**Exercise directions**
Please transcribe exactly, and only, the lines of the data below between the line holding "Sudadera con Capucha" and the line holding "Cho Sun Ok at Home", inclusive.

◇ ◇ ◇ ◇ ◇ ◇ ◇

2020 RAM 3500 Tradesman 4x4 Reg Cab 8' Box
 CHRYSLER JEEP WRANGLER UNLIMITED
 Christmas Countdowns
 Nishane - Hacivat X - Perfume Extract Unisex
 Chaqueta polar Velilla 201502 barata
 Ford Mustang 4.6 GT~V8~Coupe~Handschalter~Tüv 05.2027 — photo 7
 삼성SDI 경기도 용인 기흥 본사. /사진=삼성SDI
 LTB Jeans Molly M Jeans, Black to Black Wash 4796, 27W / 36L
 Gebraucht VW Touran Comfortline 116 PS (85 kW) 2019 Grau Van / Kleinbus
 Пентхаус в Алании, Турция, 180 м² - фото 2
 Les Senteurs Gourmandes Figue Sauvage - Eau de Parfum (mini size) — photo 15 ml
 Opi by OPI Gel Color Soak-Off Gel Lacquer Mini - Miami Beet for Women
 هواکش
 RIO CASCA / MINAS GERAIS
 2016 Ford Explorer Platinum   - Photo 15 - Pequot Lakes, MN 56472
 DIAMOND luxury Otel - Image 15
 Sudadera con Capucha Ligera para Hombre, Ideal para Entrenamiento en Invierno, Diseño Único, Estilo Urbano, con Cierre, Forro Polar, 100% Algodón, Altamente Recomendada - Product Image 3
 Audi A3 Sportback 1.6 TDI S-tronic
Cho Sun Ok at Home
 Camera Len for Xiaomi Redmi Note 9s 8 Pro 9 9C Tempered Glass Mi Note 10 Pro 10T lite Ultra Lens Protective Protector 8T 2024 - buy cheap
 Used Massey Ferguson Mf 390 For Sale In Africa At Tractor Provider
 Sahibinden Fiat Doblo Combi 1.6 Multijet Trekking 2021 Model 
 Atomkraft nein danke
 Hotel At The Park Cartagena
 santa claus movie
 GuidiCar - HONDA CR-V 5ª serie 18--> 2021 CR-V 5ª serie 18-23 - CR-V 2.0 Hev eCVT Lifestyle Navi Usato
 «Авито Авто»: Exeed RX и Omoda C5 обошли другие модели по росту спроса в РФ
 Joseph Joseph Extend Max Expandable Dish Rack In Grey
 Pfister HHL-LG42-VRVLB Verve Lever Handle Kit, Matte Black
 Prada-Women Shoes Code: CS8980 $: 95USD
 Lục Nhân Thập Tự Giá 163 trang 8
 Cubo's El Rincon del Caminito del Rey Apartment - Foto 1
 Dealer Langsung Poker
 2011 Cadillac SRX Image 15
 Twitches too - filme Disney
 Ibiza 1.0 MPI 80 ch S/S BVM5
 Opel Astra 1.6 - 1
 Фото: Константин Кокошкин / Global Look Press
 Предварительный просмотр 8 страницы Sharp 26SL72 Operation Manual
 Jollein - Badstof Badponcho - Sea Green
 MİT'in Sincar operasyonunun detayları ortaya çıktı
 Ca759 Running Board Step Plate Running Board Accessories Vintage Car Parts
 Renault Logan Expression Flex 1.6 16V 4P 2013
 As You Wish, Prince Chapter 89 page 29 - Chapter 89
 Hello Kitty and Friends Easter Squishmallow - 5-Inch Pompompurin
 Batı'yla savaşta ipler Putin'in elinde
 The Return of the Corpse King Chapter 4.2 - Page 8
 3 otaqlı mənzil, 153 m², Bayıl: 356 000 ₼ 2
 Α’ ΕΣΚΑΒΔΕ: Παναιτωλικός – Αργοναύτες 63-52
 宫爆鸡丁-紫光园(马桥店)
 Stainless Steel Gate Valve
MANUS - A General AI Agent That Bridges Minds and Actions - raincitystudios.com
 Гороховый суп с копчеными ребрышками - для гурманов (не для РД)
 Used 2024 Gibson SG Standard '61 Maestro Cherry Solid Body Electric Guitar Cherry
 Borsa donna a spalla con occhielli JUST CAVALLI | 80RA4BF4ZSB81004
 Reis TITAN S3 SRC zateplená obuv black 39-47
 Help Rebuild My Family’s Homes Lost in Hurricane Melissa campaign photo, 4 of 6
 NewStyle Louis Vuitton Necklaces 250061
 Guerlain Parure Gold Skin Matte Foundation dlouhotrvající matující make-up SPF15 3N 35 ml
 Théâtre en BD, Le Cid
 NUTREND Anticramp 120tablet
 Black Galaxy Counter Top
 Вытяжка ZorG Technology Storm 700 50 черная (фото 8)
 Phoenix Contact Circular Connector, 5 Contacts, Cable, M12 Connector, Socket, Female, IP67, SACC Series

◇ ◇ ◇ ◇ ◇ ◇ ◇

**Your response**
 Sudadera con Capucha Ligera para Hombre, Ideal para Entrenamiento en Invierno, Diseño Único, Estilo Urbano, con Cierre, Forro Polar, 100% Algodón, Altamente Recomendada - Product Image 3
 Audi A3 Sportback 1.6 TDI S-tronic
Cho Sun Ok at Home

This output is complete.